Confesso: scrivo. Quel che è peggio, mi piace farlo.
Ma da qui a dire che la scrittura sia un piacere, andiamoci piano. Scrivere è un piacere fino a che non ci si mette in testa di volerlo fare perché predestinati all’immortalità. Da quel punto in poi, amici cari, è lavoro.

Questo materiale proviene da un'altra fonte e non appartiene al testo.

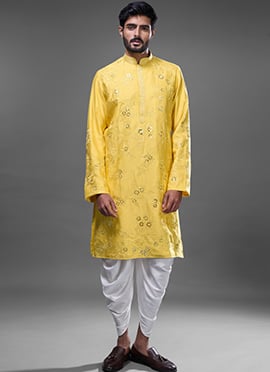 Yellow Silk Embroidered Kurta Pyjama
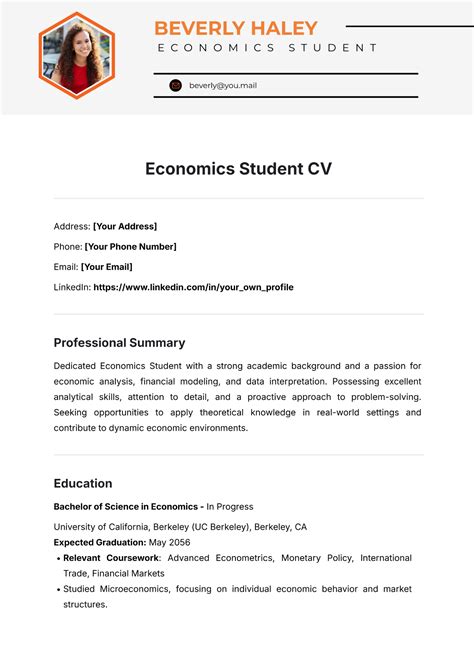 Free Student CV with No Experience Template to Edit Online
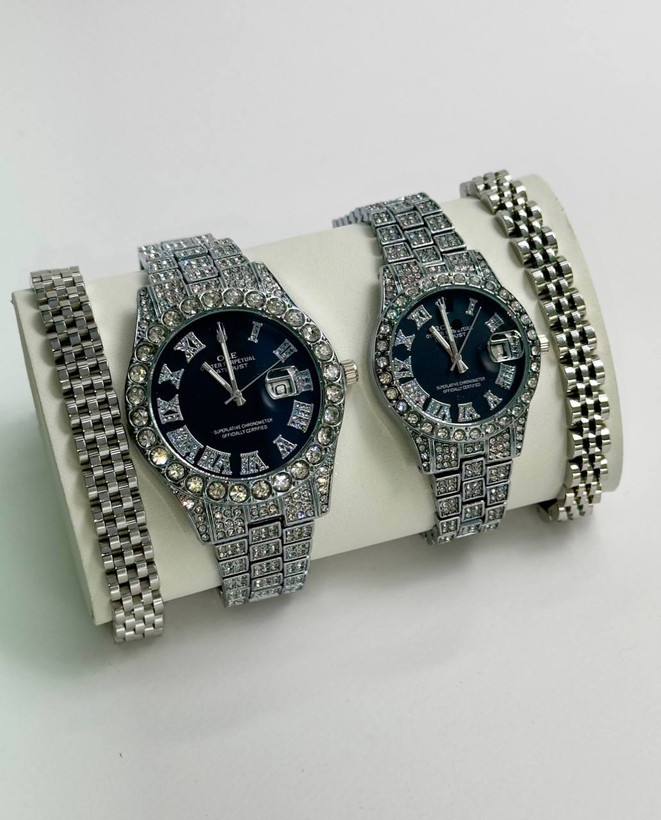 ساعت زنانه و مردانه رولکس فول نگین، ست ساعت فول نگین Rolex
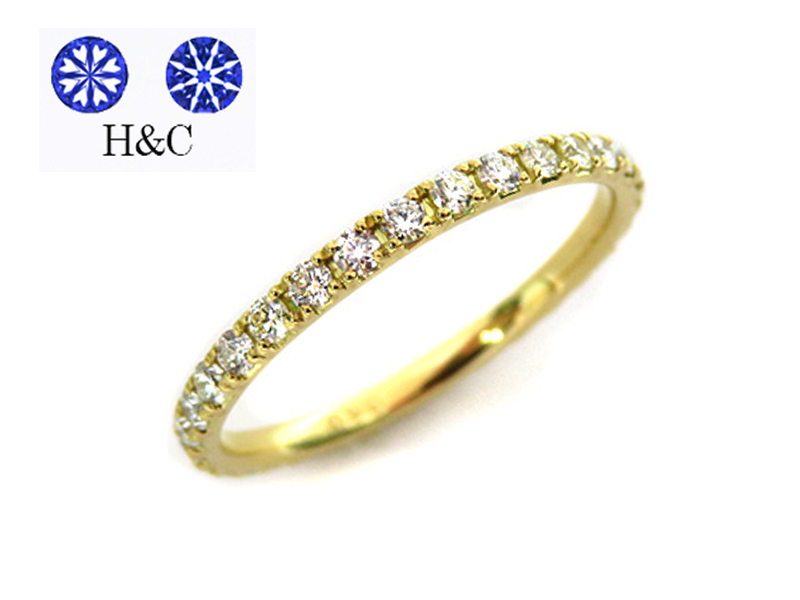 新品！H&Cダイヤ！大きめ！K18YG ダイヤモンド0.5ct フルエタニティリング 約15号 18金ダイヤ指輪 フルエタ ハート＆キューピッド_画像1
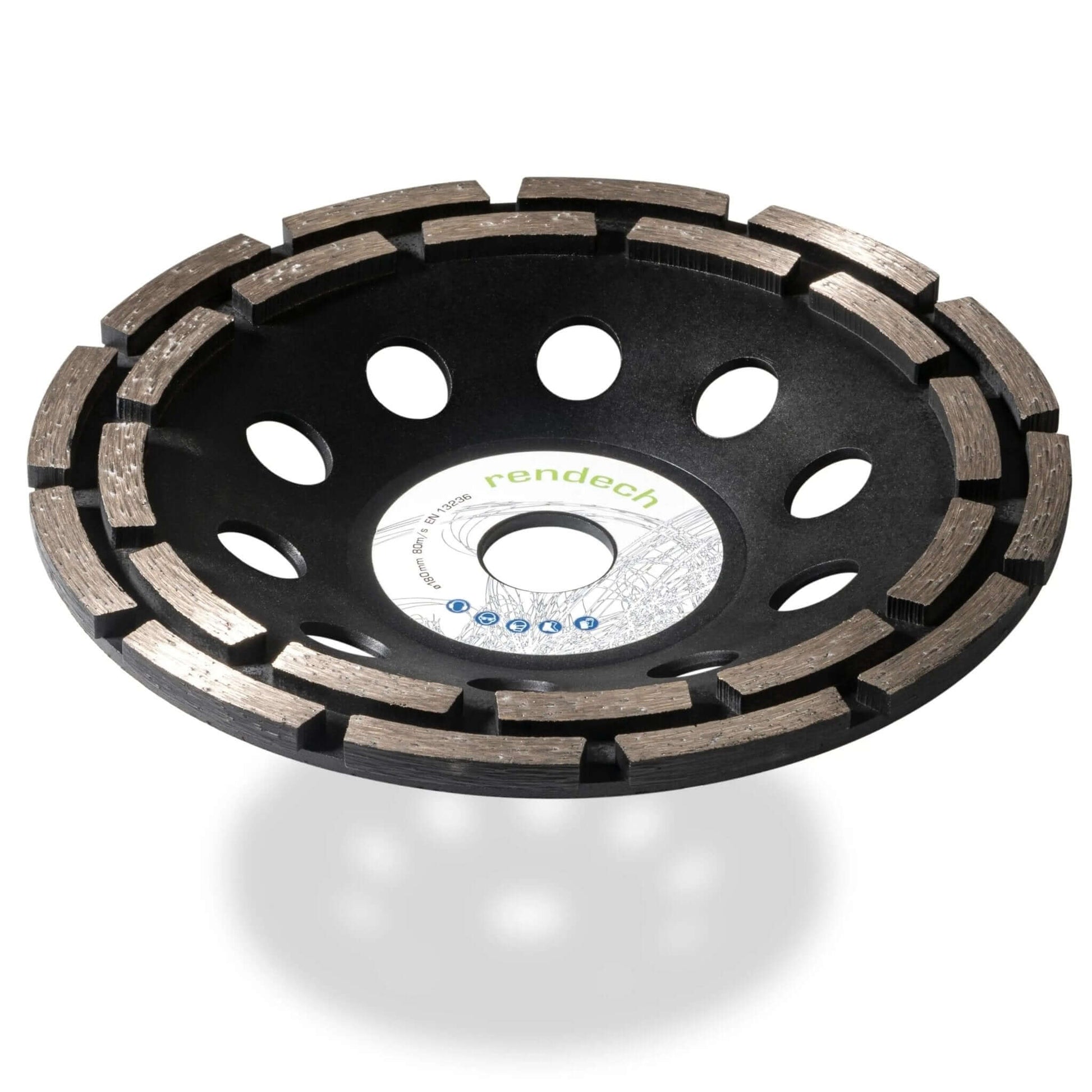 Betonschleifer 180mm Schleifteller für Estrich, Beton und Mauerwerk mit 2-reihigen Segmenten.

Sono d’accordo, non è esattamente questo che pensa il resto del mondo attorno a me, ma mettere insieme un testo, un racconto, un romanzo sia pur breve o un articolo è un lavoraccio che richiede molte ore inquiete e olio di gomito a litri. Bisogna costruire una trama solida, creare dei personaggi quanto meno convincenti, correggere, eliminare le ripetizioni e il superfluo (come l’avverbio che ho appena cancellato), e soprattutto mantenere una coerenza linguistica e di stile. Insomma, è un da fare senza fine.
Capita, per esempio, che l’ometto serafico e tranquillo che avevo in mente all’inizio della storia ad un tratto decida di sbarellare come la graziosa Annie quando capisce che Misery deve morire: ciò mi porta non solo a sospettare di avere tendenze schizoidi, sed etiam di non riuscire a controllare l’evoluzione caratteriale dei miei personaggi, i quali tendono a finire dove pare a loro. L’unico, misero vantaggio è il non dover andare a ripescarli in qualche commissariato dietro cauzione (anche se non metterei la mano sul fuoco che un giorno non possa accadere).
Nonostante il sacro fuoco della creazione letteraria arda alto, tuttavia, mi capita anche di restare all’addiaccio: e mentre su New York calano le prime ombre della sera (cit.) io meschina mi ritrovo preda della sindrome da pagina bianca, già mio incubo al liceo durante i compiti in classe. Niente da scrivere, vuoto assoluto accompagnato dalla subitanea capacità cerebrale di un protozoo.